● **INFORMATION SUPPLIED**:
----

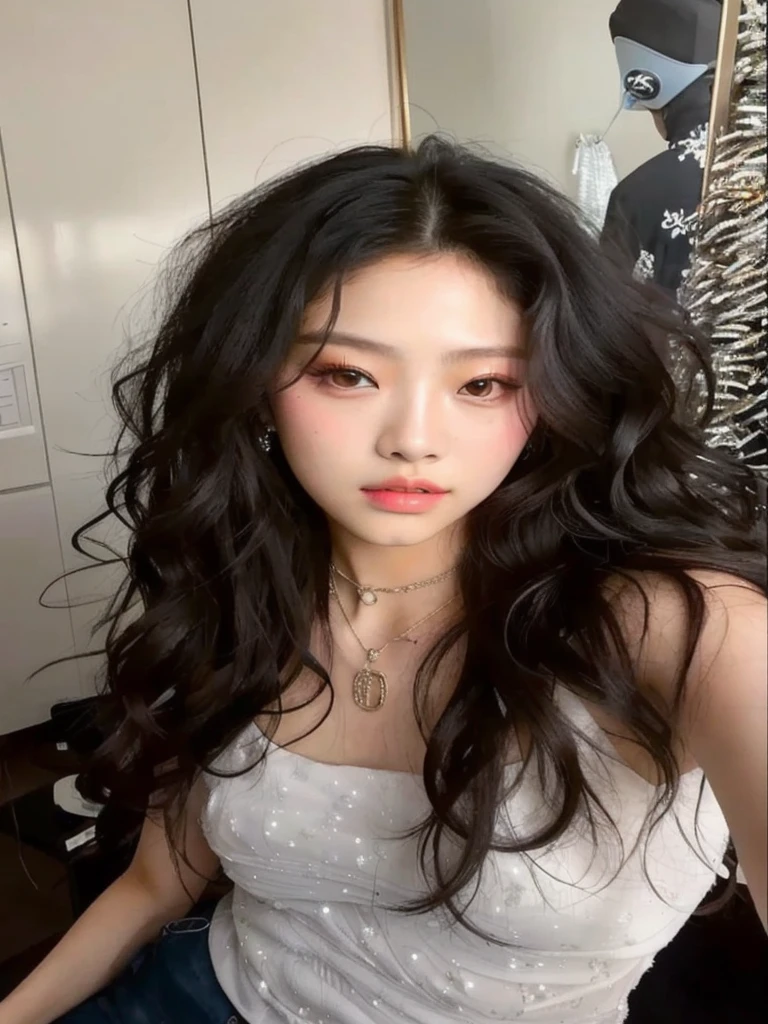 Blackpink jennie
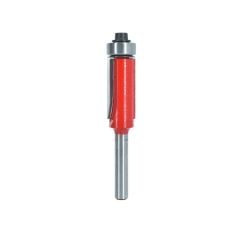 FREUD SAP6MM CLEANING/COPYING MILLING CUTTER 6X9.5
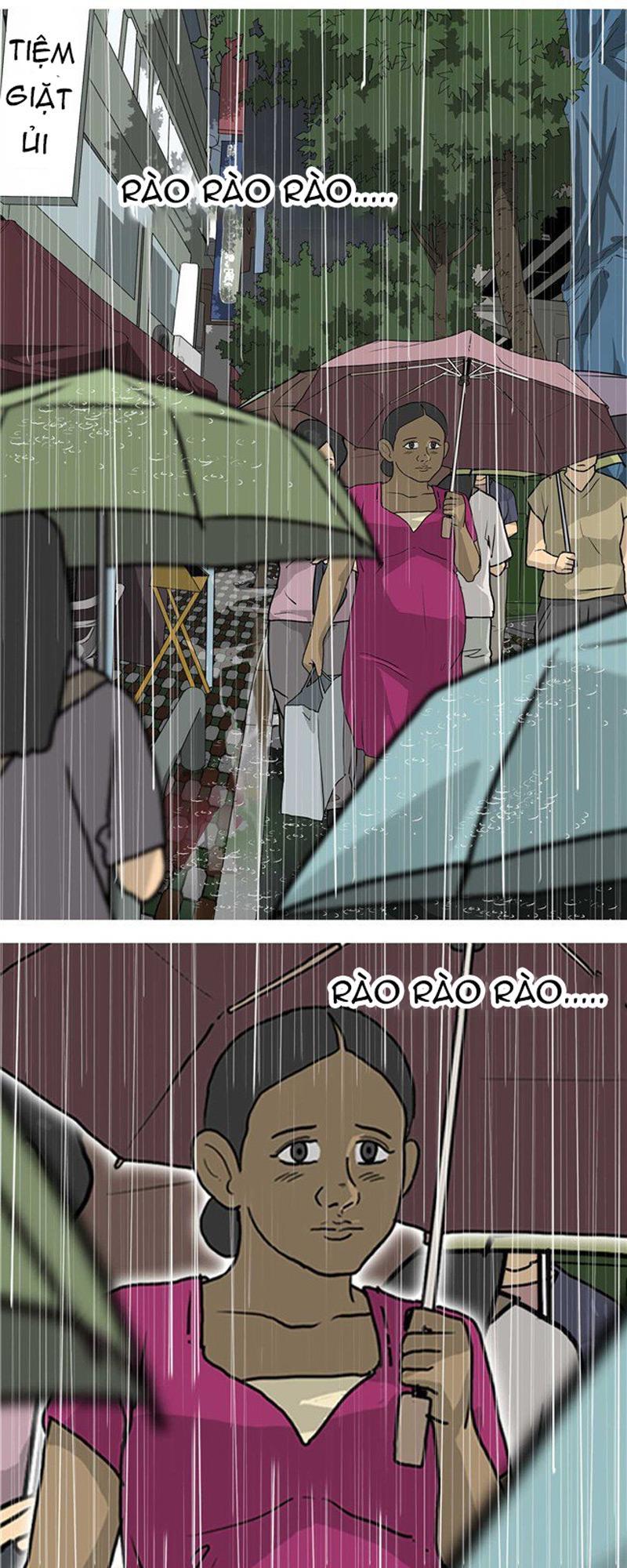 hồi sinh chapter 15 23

----

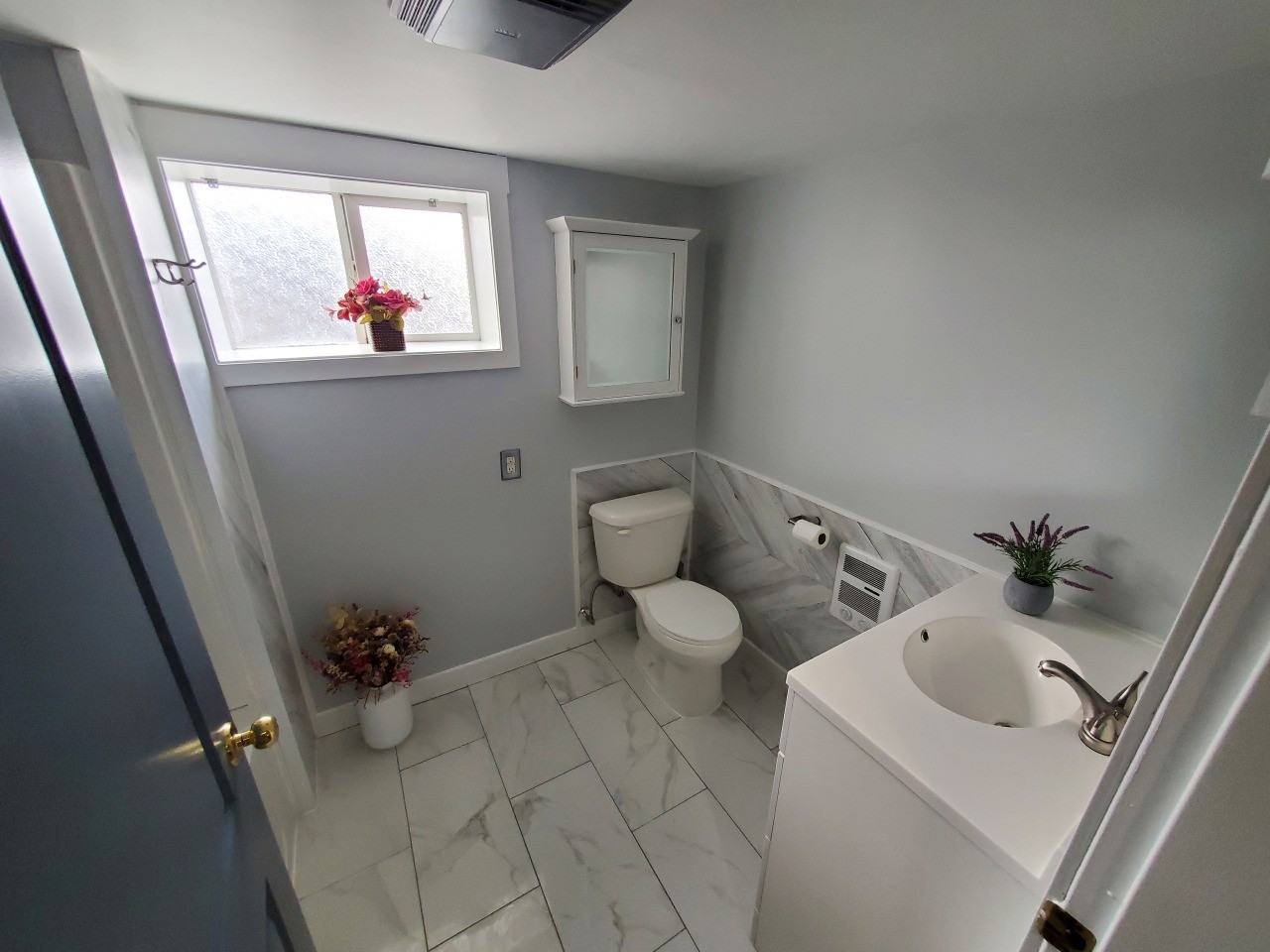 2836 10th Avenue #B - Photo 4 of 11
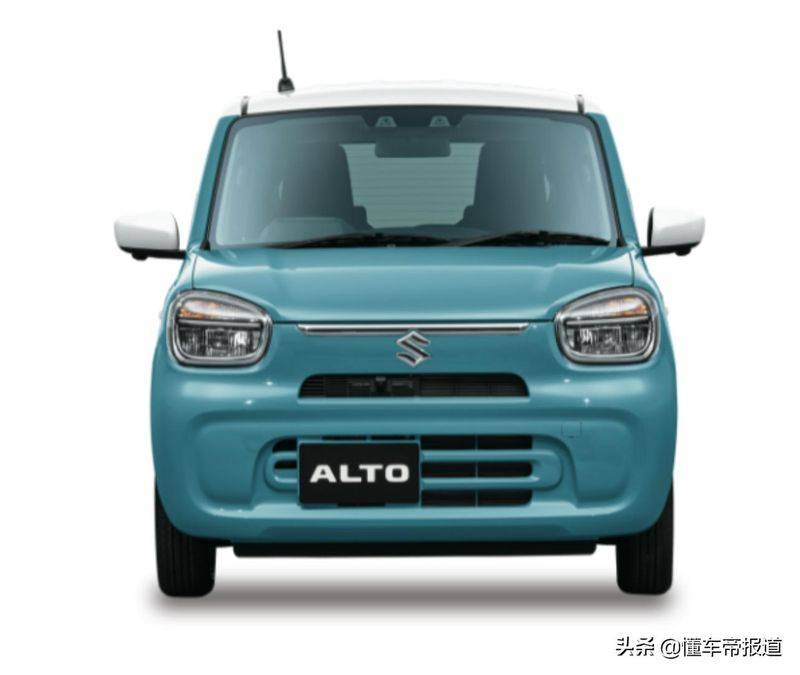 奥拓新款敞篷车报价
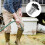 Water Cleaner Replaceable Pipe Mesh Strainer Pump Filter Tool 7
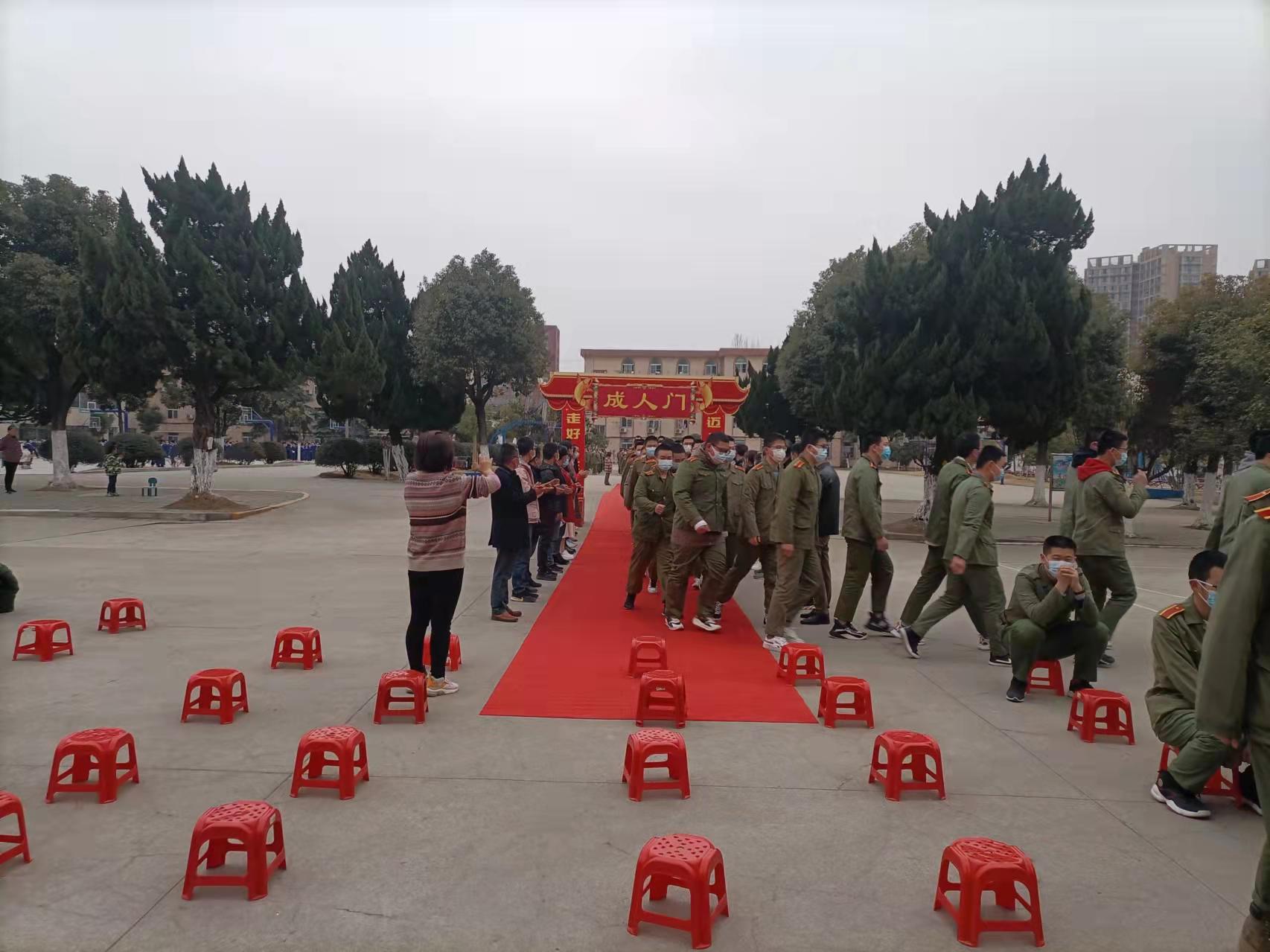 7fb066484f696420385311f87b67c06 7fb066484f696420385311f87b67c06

----

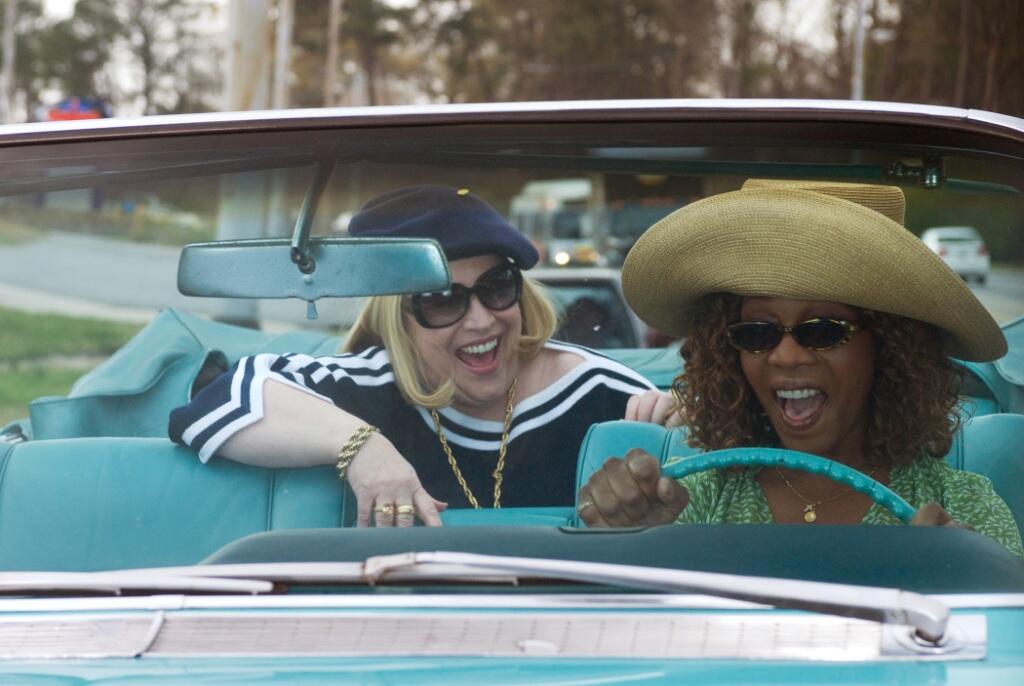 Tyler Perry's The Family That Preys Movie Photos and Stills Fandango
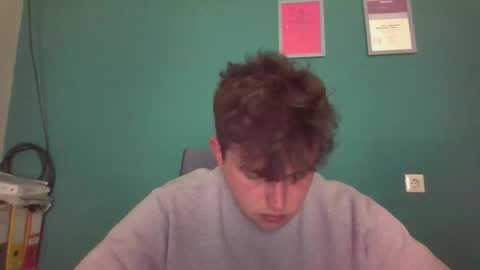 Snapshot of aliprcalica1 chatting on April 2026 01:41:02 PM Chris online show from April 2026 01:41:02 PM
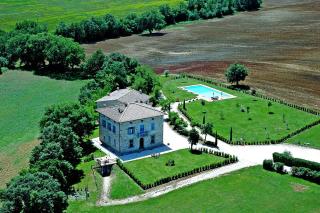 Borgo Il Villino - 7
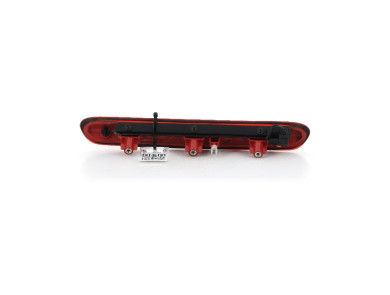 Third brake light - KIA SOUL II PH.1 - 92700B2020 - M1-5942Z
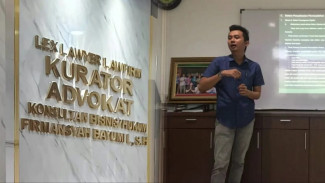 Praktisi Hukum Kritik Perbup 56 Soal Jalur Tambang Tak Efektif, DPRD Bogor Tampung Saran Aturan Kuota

----

● **THE TASK**: Although the records hold pictures, the copy must not; give again exactly the lines from the one with "2836 10th Avenue #B - Photo 4 of 11" through the one with "7fb066484f696420385311f87b67c06 7fb066484f696420385311f87b67c06".

● **EXERCISE OUTPUT**:
 2836 10th Avenue #B - Photo 4 of 11
 奥拓新款敞篷车报价
 Water Cleaner Replaceable Pipe Mesh Strainer Pump Filter Tool 7
 7fb066484f696420385311f87b67c06 7fb066484f696420385311f87b67c06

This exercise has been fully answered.